What the task requires:
Give the lines again exactly as they appear below, from the line with "The HC Companies" to the line with "NEW Sasha Handbag", both included, and only those lines. Leave every picture out.

Supplied material:
------------------------------------------------------------

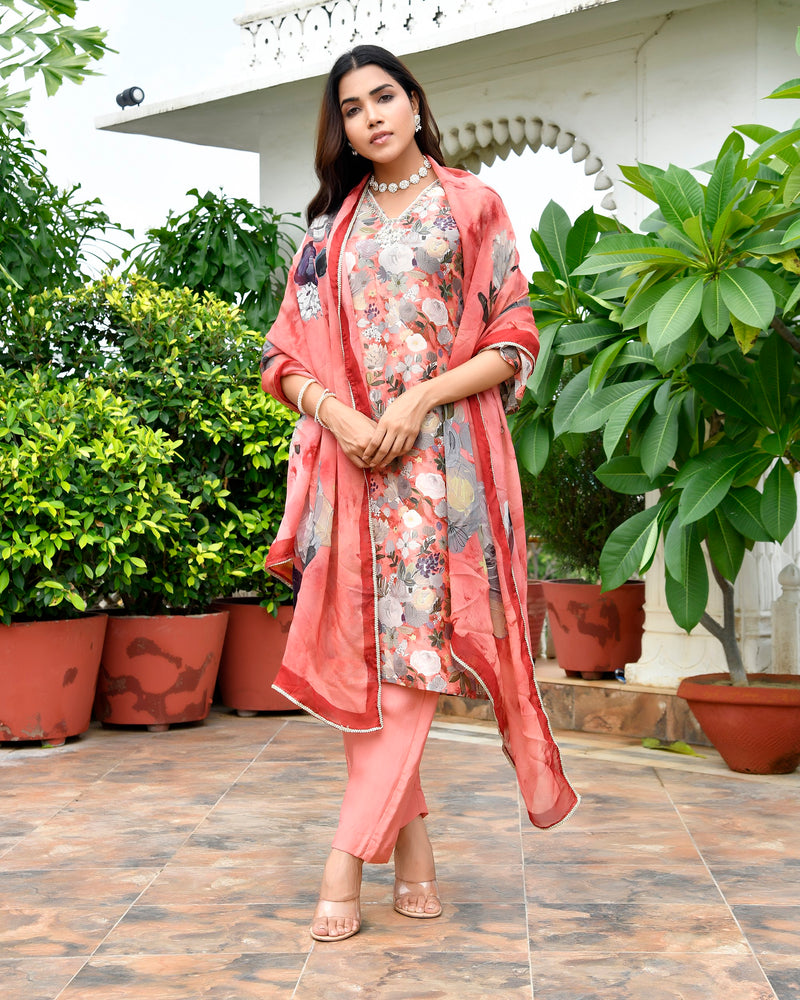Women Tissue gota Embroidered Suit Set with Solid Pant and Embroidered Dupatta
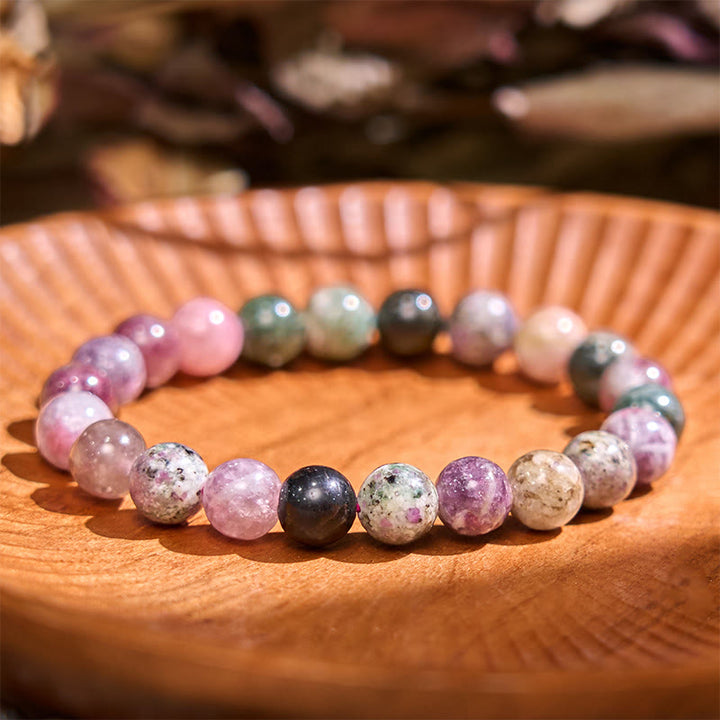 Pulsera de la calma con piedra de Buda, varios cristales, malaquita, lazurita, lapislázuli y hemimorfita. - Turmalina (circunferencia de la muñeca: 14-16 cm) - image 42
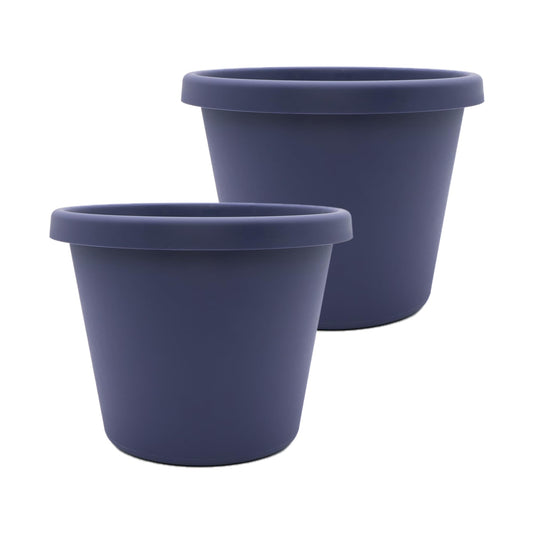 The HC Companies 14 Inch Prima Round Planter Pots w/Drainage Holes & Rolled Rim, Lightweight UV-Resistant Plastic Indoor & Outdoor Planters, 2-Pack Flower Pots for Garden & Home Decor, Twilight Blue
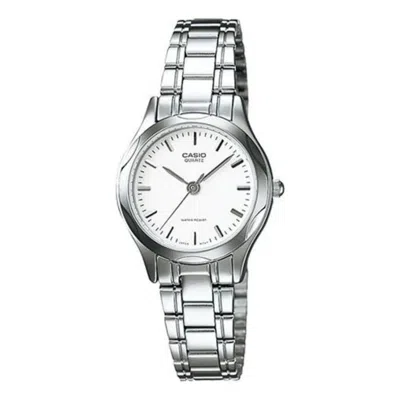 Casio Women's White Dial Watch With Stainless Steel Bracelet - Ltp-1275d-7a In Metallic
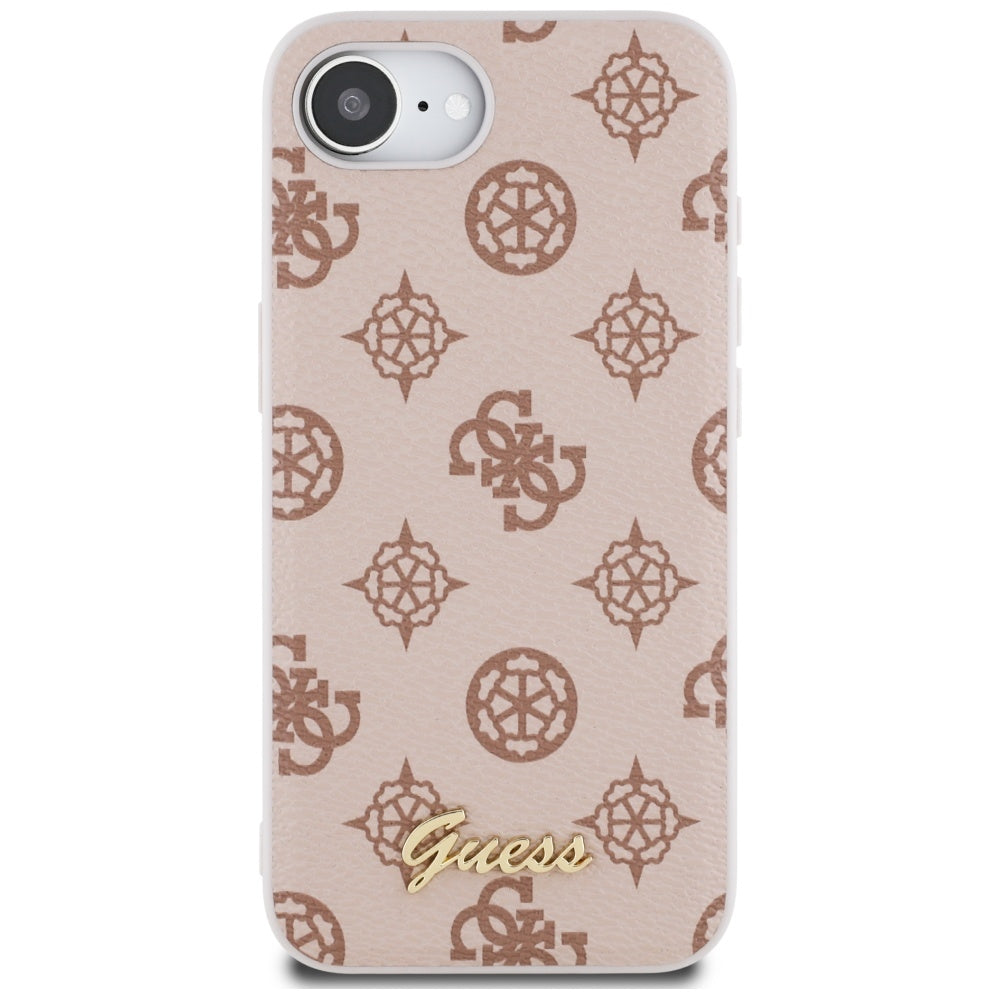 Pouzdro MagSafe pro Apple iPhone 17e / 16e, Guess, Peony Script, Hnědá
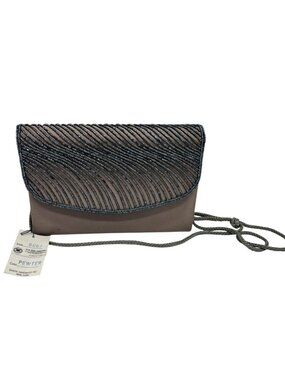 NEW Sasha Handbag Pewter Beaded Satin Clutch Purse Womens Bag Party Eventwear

------------------------------------------------------------

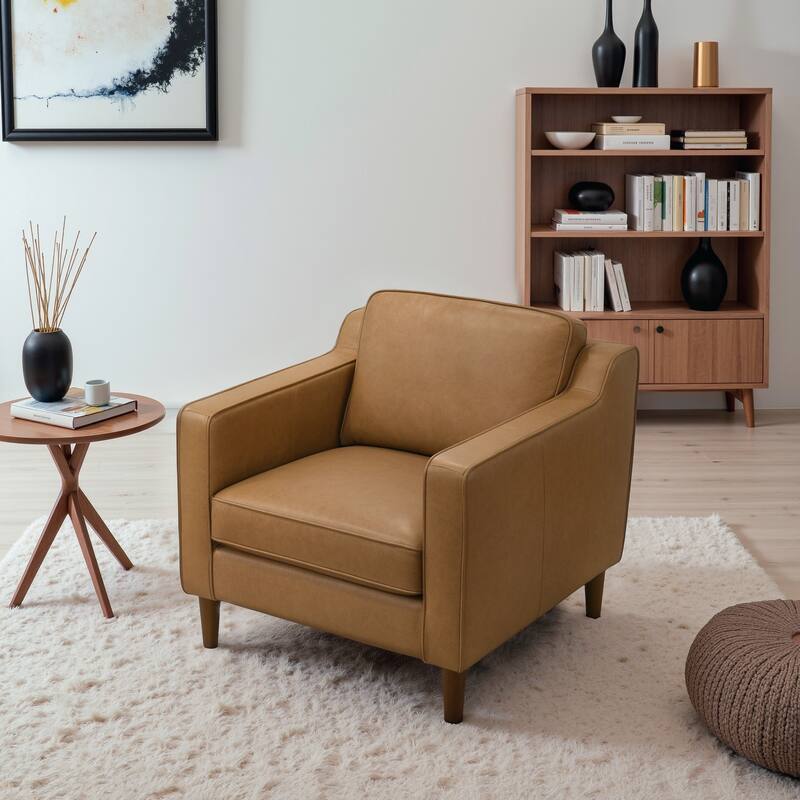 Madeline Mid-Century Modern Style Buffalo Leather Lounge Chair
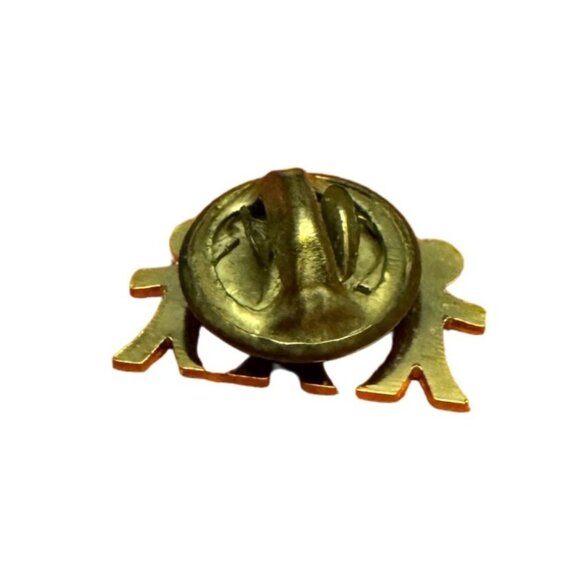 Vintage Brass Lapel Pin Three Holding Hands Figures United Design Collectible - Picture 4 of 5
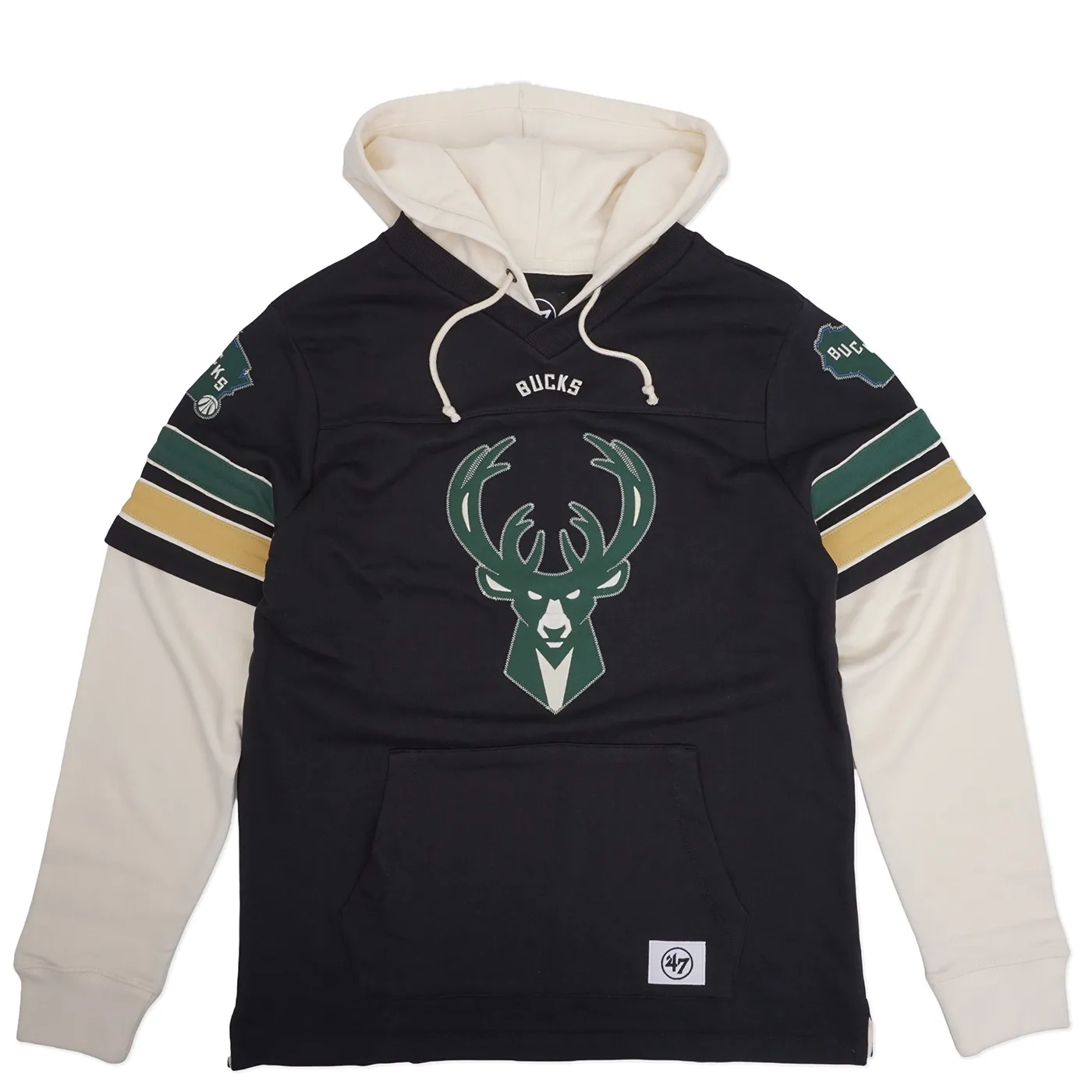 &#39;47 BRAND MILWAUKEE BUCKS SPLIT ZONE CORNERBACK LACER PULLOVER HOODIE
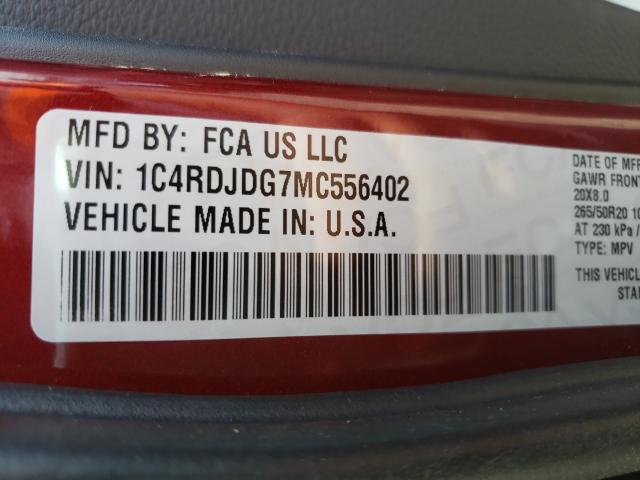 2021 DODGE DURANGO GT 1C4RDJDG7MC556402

------------------------------------------------------------

Finished exercise:
 The HC Companies 14 Inch Prima Round Planter Pots w/Drainage Holes & Rolled Rim, Lightweight UV-Resistant Plastic Indoor & Outdoor Planters, 2-Pack Flower Pots for Garden & Home Decor, Twilight Blue
 Casio Women's White Dial Watch With Stainless Steel Bracelet - Ltp-1275d-7a In Metallic
 Pouzdro MagSafe pro Apple iPhone 17e / 16e, Guess, Peony Script, Hnědá
 NEW Sasha Handbag Pewter Beaded Satin Clutch Purse Womens Bag Party Eventwear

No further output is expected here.